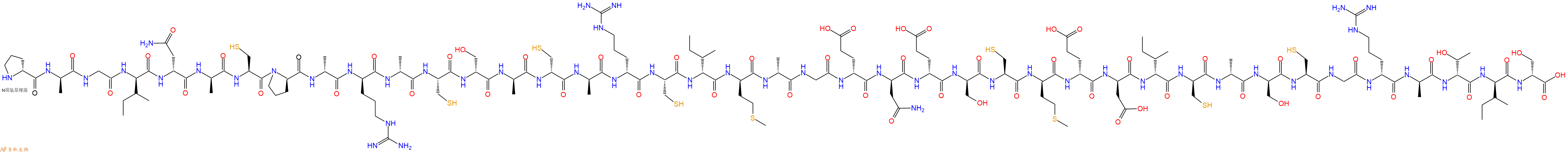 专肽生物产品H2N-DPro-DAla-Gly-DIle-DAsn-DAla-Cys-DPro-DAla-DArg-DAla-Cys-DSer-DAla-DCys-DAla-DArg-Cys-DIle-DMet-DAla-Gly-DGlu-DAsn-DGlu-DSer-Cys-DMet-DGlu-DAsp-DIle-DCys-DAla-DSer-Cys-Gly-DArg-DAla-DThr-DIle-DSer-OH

*****

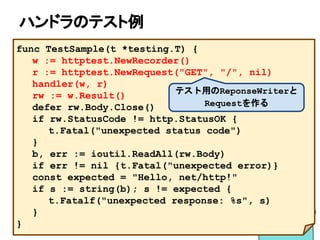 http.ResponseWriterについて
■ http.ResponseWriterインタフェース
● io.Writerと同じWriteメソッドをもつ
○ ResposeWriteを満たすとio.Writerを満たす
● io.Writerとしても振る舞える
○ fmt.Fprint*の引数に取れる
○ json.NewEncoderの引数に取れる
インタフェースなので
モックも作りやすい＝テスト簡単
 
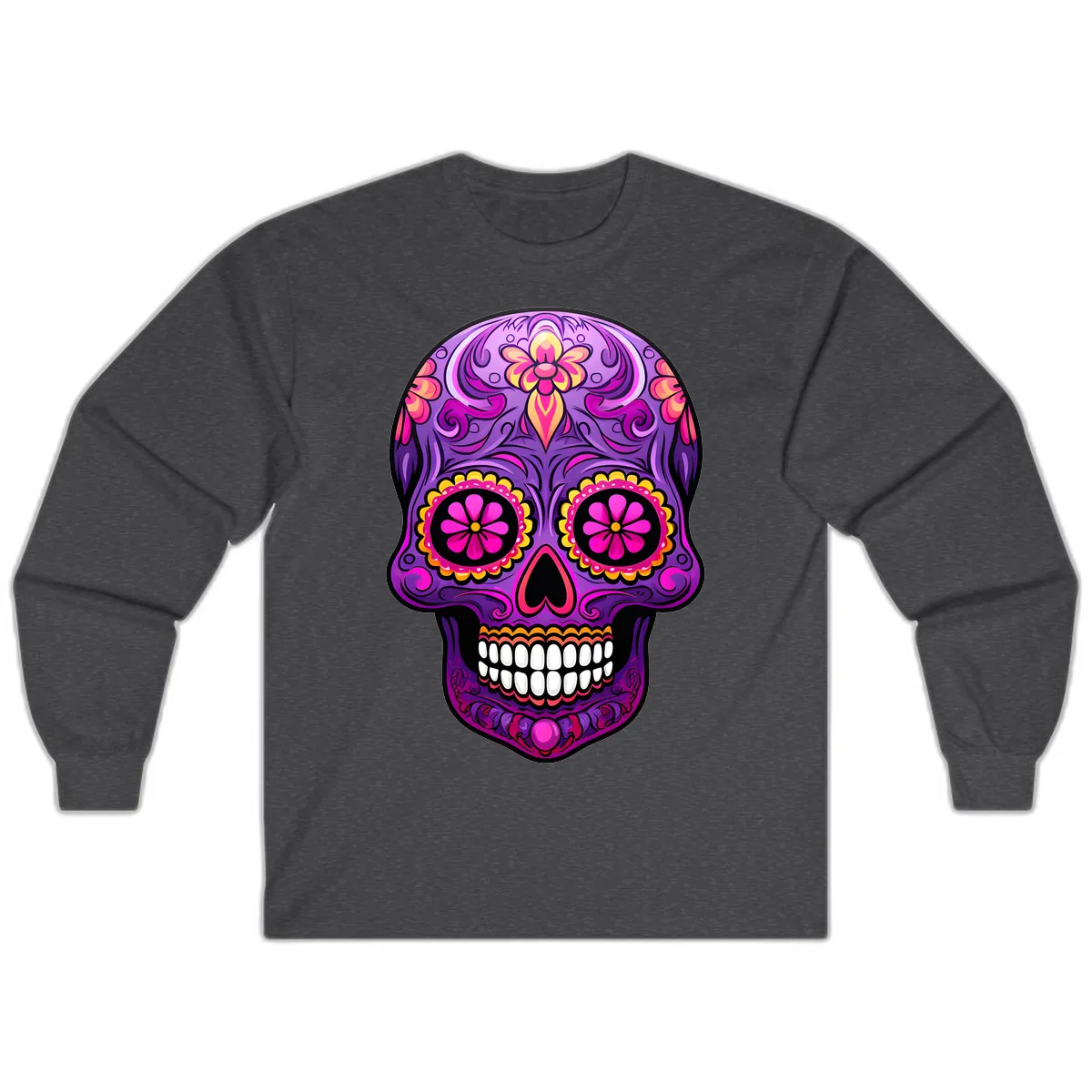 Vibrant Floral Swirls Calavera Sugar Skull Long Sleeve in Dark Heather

*****

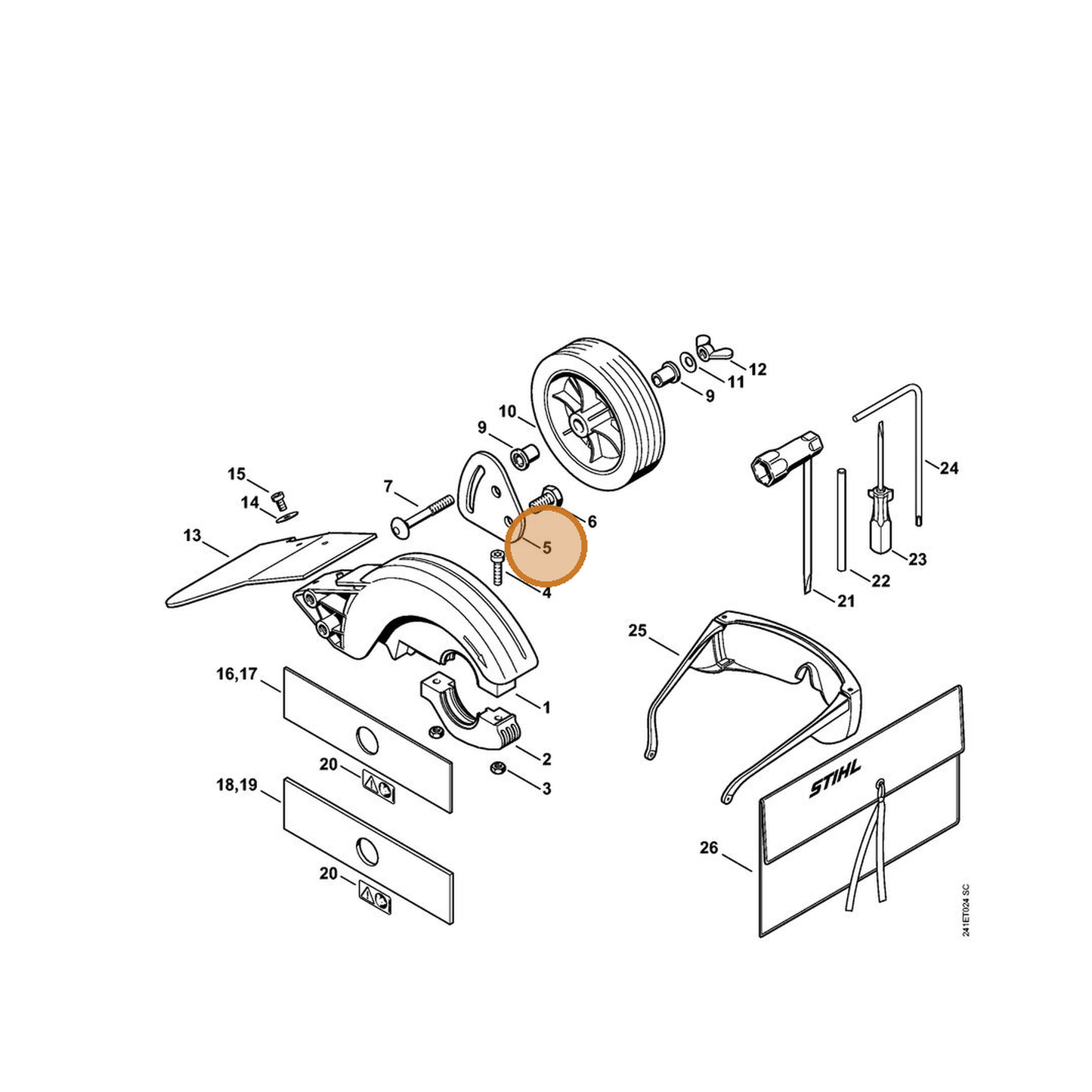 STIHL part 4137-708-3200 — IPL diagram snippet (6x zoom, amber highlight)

*****

> Task requirements: What you return must match the lines above from the one with "http.ResponseWriterについて" through the one with "Vibrant Floral Swirls" exactly, with both ends included and the pictures excluded.

> Result for this exercise:
 http.ResponseWriterについて
■ http.ResponseWriterインタフェース
● io.Writerと同じWriteメソッドをもつ
○ ResposeWriteを満たすとio.Writerを満たす
● io.Writerとしても振る舞える
○ fmt.Fprint*の引数に取れる
○ json.NewEncoderの引数に取れる
インタフェースなので
モックも作りやすい＝テスト簡単
 
 Vibrant Floral Swirls Calavera Sugar Skull Long Sleeve in Dark Heather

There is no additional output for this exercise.